I don't think the case for the MAVEN propaganda initiative being advocacy for the TIA could be clearer.
They are the deceivers!!
You just choose to ignore the obvious and live in a fantasy world.
Don't worry the damage is already done. MAVEN has accomplished what they set out to acheive.
The one sided propaganda is already out there and there is no way to undo that.
You don't have to waste your time trying to defend the indefensible.
I am voting YES to support the Regional Transportation Referendum, even if it means that I am simple-minded.
The TIA tax will represent a 16.6% (.01/.06) increase in the sales tax in Cobb County.
If the gasoline tax was increased by .40/gallon and the price/gallon is $3.90 (.40/3.90) what percentage increase does that represent?
You keep missing the point.
We should not have to force the MAVEN organization to provide both sides of the issue.
That should be integral to their stated goal of "educating" the voters about the TIA referendum.
Their advocacy is not so much revealed by what they saying and distributing, but by what they are NOT saying.
Don't be so naive as to think there is only one side to this issue.
And don't be so blatantly partisan as to suggest that those that want the whole story should be responsible for doing that.
Little by little they have strayed from their original intent which was the pure financing of badly needed transportation projects in their specifically designated districts to all kinds of farfetched and far ranging projects and intiatives.
As long as their "creative" project financing is restricted to their own back yard using their own resources then I don't have a problem with it.
I also don't have a problem with them using those dollars to recapture federal and state tax dollars and bring them back into our community for our benefit.
However, when they, under false pretenses, start covertly advocating to create a $7 BILLION slush fund that has little or no benefit to Cobb County that's where the line needs to be drawn.
The Metro Area CID's, led by our own Cumberland and Town Center CID's, seem to have gotten a little big for their britches.
They have become so enamored with themselves they are reaching well beyond their original purpose.
They have gone from being self interested, self taxing districts to becoming just another out of control governmental entity trying to take advantage of their political and financial power to reach into taxpayer pocketbooks.
It's time to reel them in and set them back on the right course.
Their ads are plainly promoting TSPLOST, and to insist that they are not is destroying the credibility of the CID management.

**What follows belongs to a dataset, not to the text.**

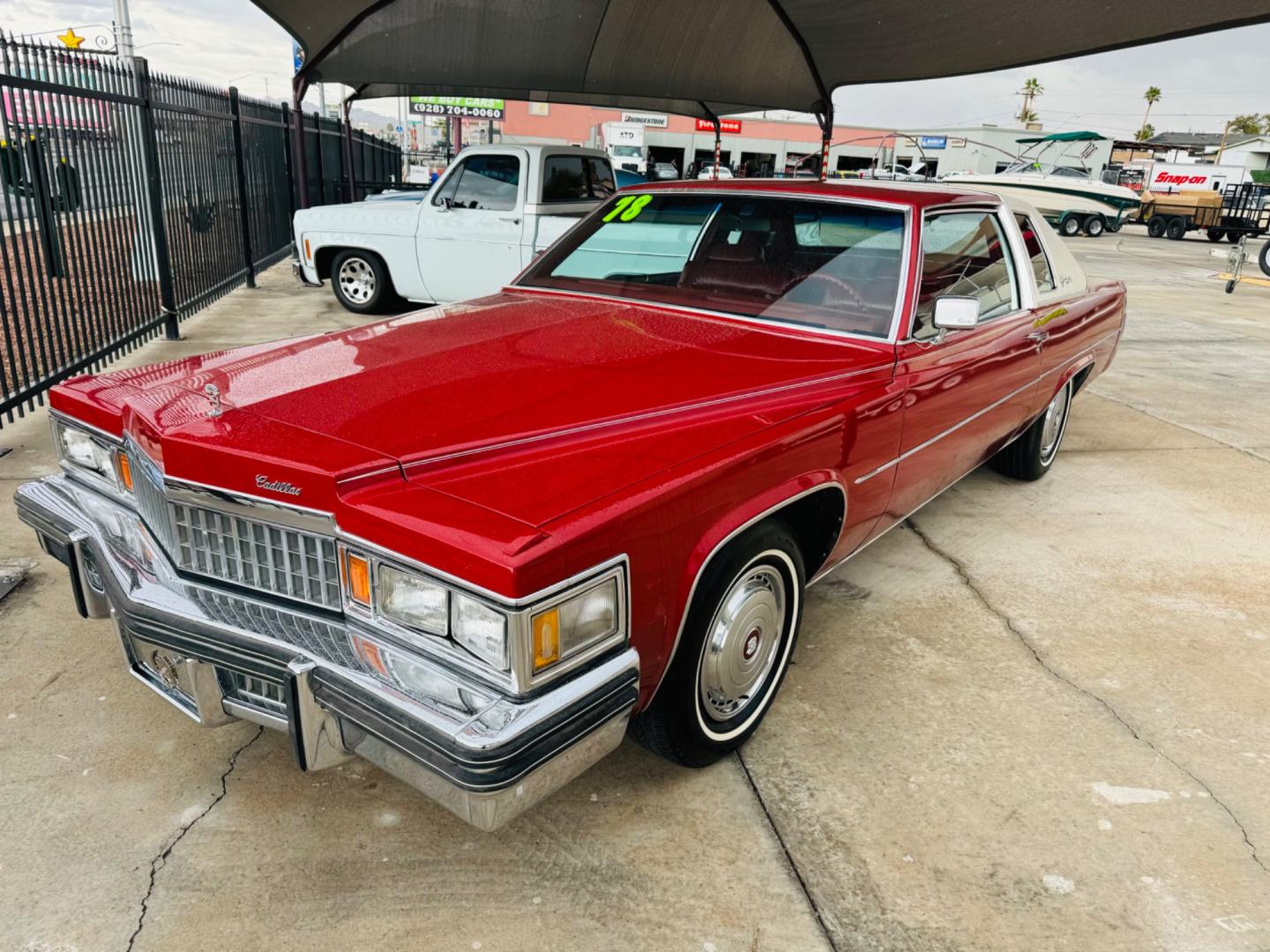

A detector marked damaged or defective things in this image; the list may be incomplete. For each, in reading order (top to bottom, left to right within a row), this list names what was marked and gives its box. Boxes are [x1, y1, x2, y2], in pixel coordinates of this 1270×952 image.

If the CIDS think the public will buy this smoke screen, what else are they misleading us about? Can they be trusted on anything?
Why should we believe them on TSPLOST if they play games on this issue?
It is painfully obvious you don't get it.
Transportation Investment Act, TSPLOST, Regional Transportation Referendum or Two Starbucks a Week.
Call it what you want, but it is still amounts to $7 billion rip off of the taxpayers of the Metro Atlanta area.
And MAVEN is complicit in misleading and misinforming the public about what it is supposed to accomplish.
Sorry you think I am erroneous in my opinion, but I think that you are naive in your acceptance of the half truths that are being spoon fed to you by a biased organization masquerading as an objective voter education initiative.
All anybody, which you characterize as the opposition, wants is the other side of the coin to be revealed.
The point is that the MAVEN campaign will, in fact, allow my personal tax money and my neighbors to be used to fund the $7 Billion slush fund being promoted by MAVEN's one sided presentation, if the TIA passes.
It's not so much the funds being spent on the MAVEN campaign that are so onerous, but what those questionable expenditures will lead to.